Task details = Print out the entries from the line containing "Pure Water Los Angeles logo" through the last line, exactly, and print nothing else. Pictures are not copied.

Source records =
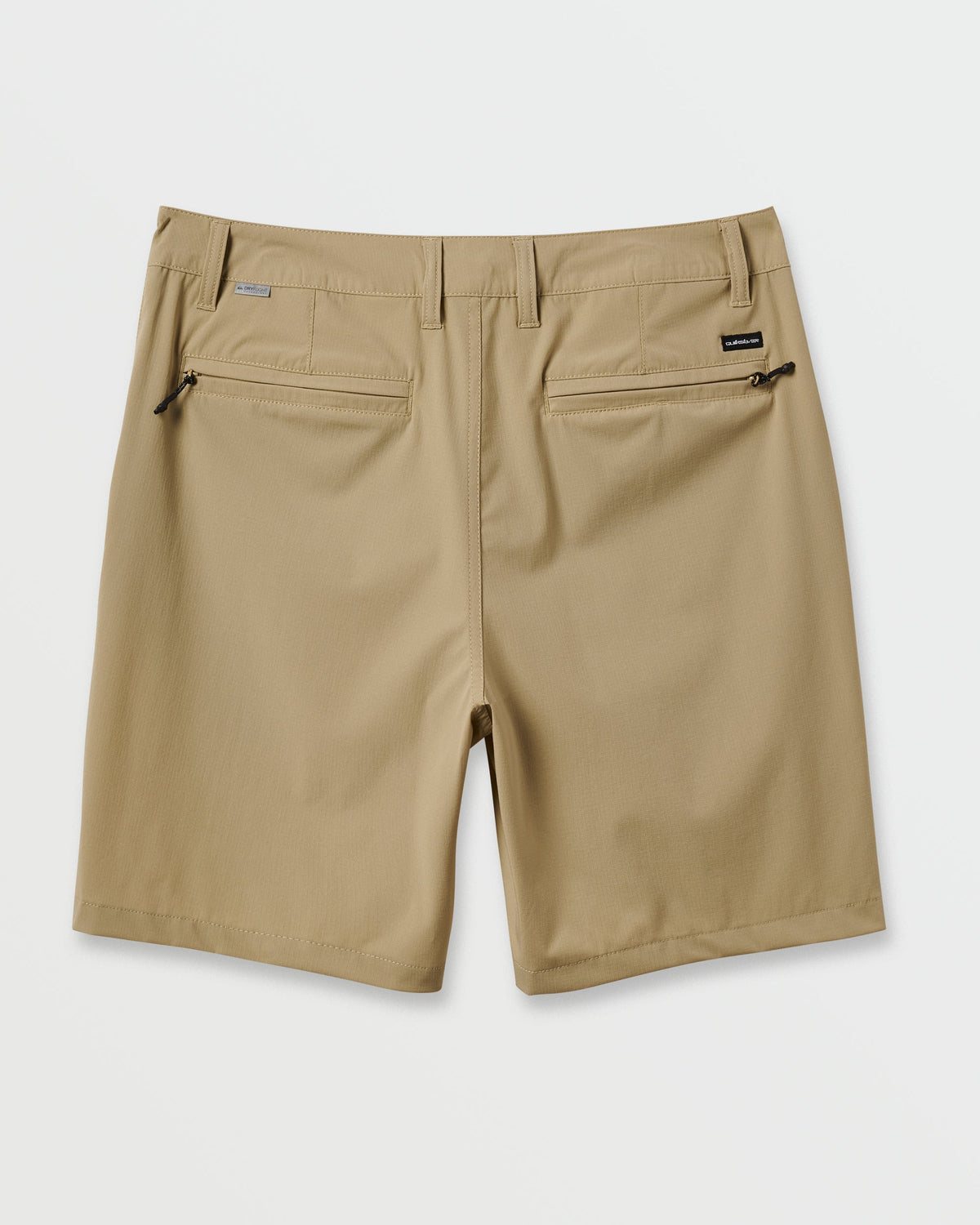 Union Transit 19" Amphibian Hybrid Shorts - Twill | Quick Silver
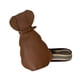 thumbnail image 5 of Bolso de hombro jinwen para mujer divertido de perro marrón, 5 of 8
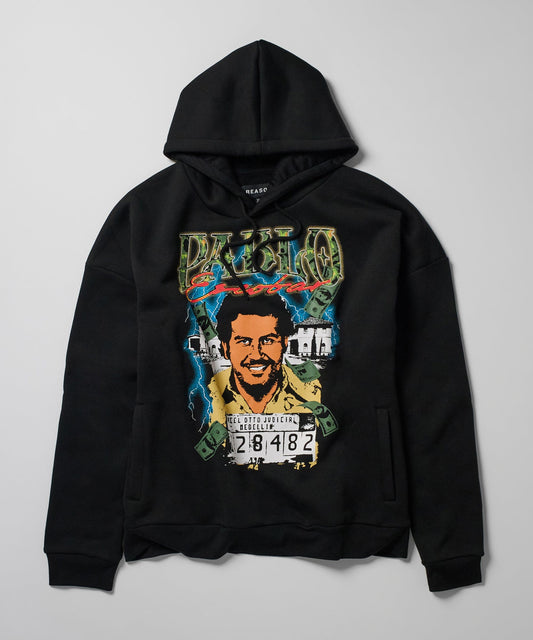 Reason Clothing Best Price | Plus Size Don Pablo Hoodie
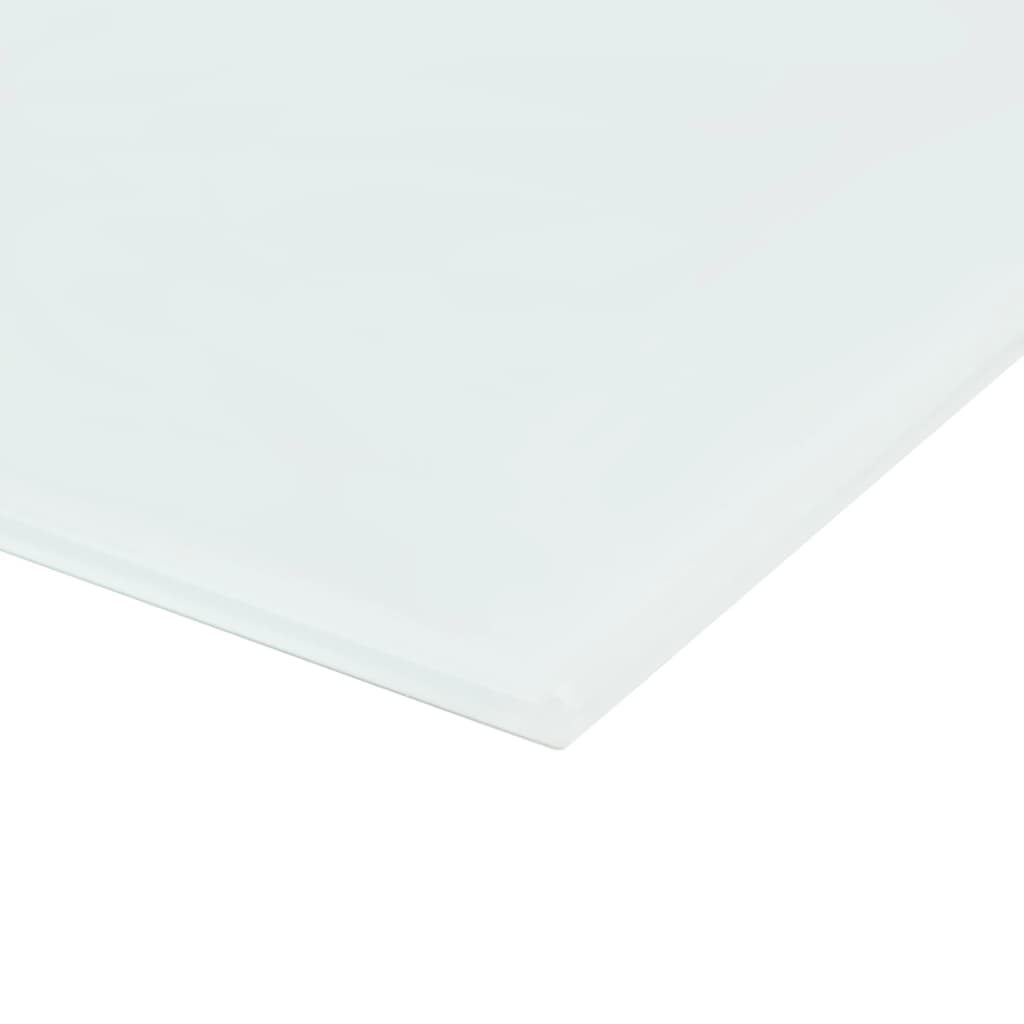 Whiteboard Voor Aan De Wand Magnetisch 100X60 Cm Glas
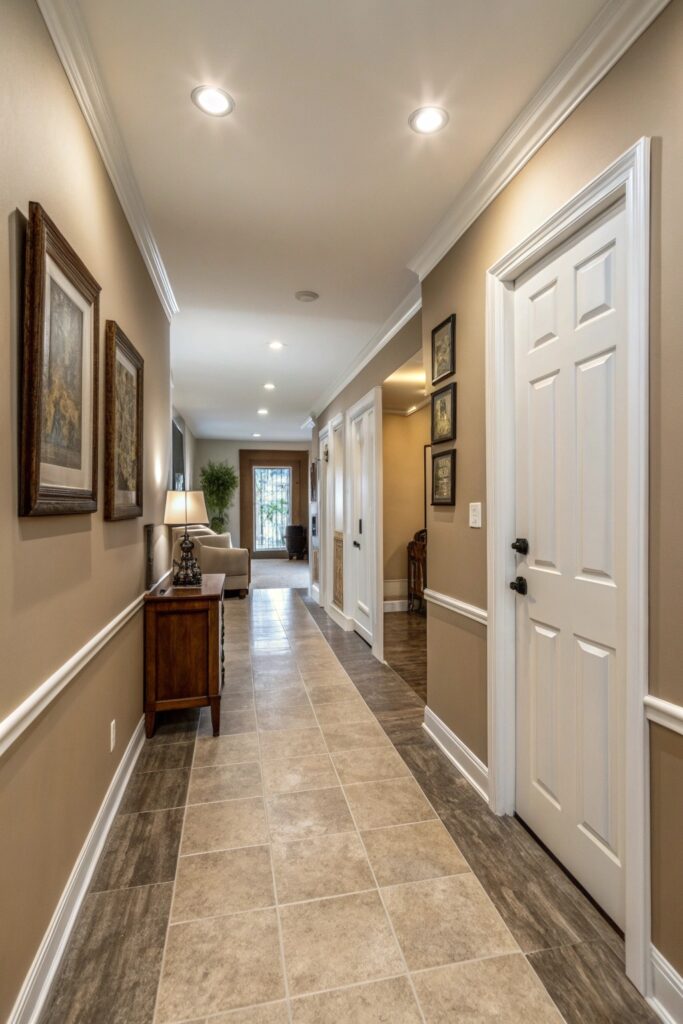 11 Narrow Entrance Hall Ideas That Still Feel Open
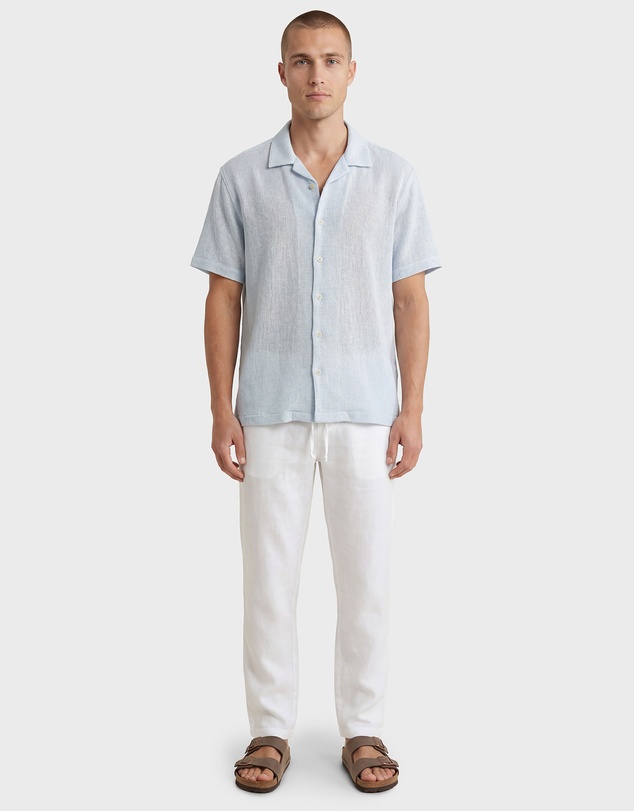 Academy Brand - Anderson Plain SS Shirt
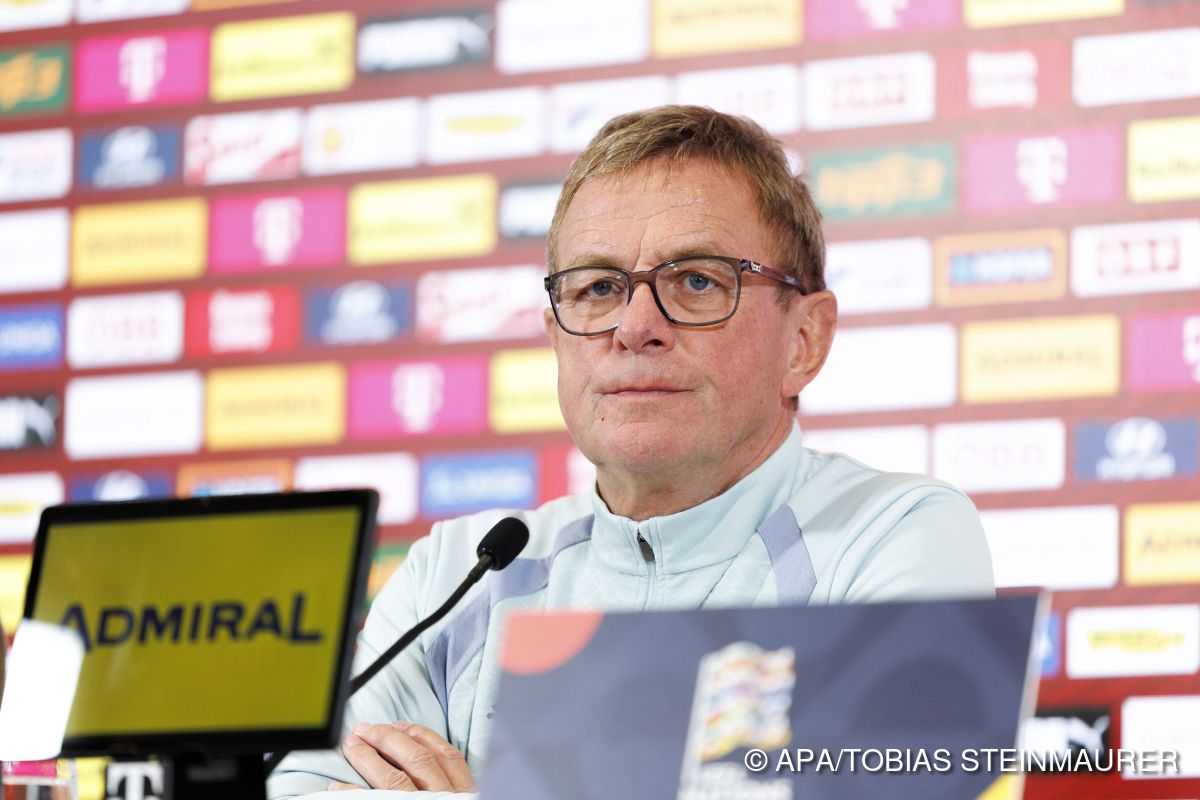 Bewährungsprobe für Rangnick und ÖFB-Team gegen Fodas Kosovo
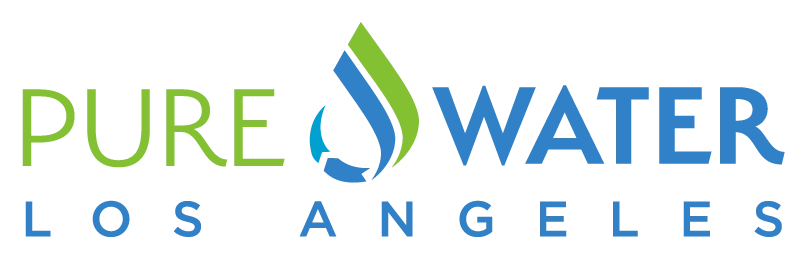 Pure Water Los Angeles logo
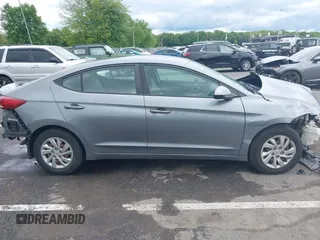 2017 Hyundai Elantra SE with VIN KMHD74LFXHU152646, listed as a IAAI auction lot 42344385 with 91,522 mi miles and . Bid and sale history available at DreamBid. Image 13.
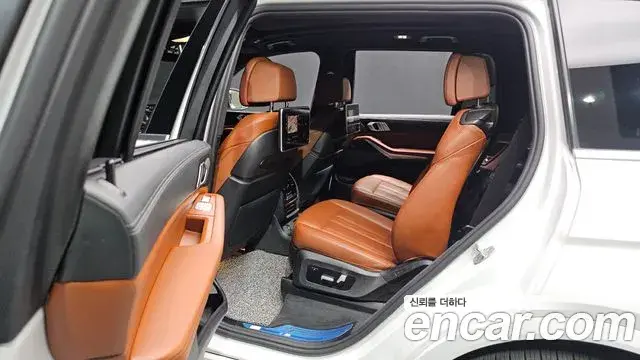 BMW X7 2022 — Şəkil 19/20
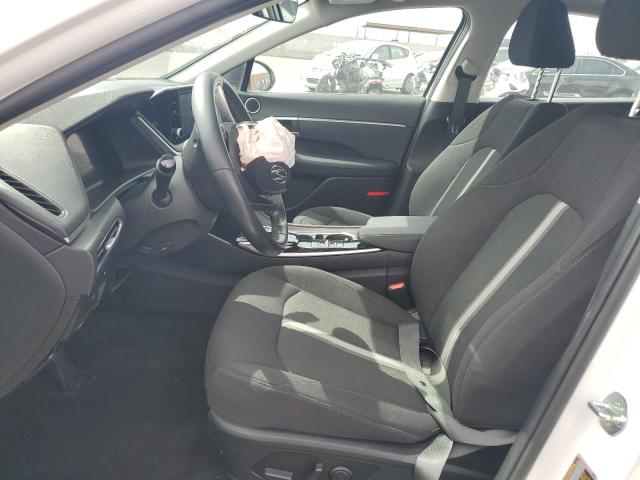 2022 HYUNDAI SONATA SEL - KMHL14JA6NA218692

Response =
 Pure Water Los Angeles logo
 2017 Hyundai Elantra SE with VIN KMHD74LFXHU152646, listed as a IAAI auction lot 42344385 with 91,522 mi miles and . Bid and sale history available at DreamBid. Image 13.
 BMW X7 2022 — Şəkil 19/20
 2022 HYUNDAI SONATA SEL - KMHL14JA6NA218692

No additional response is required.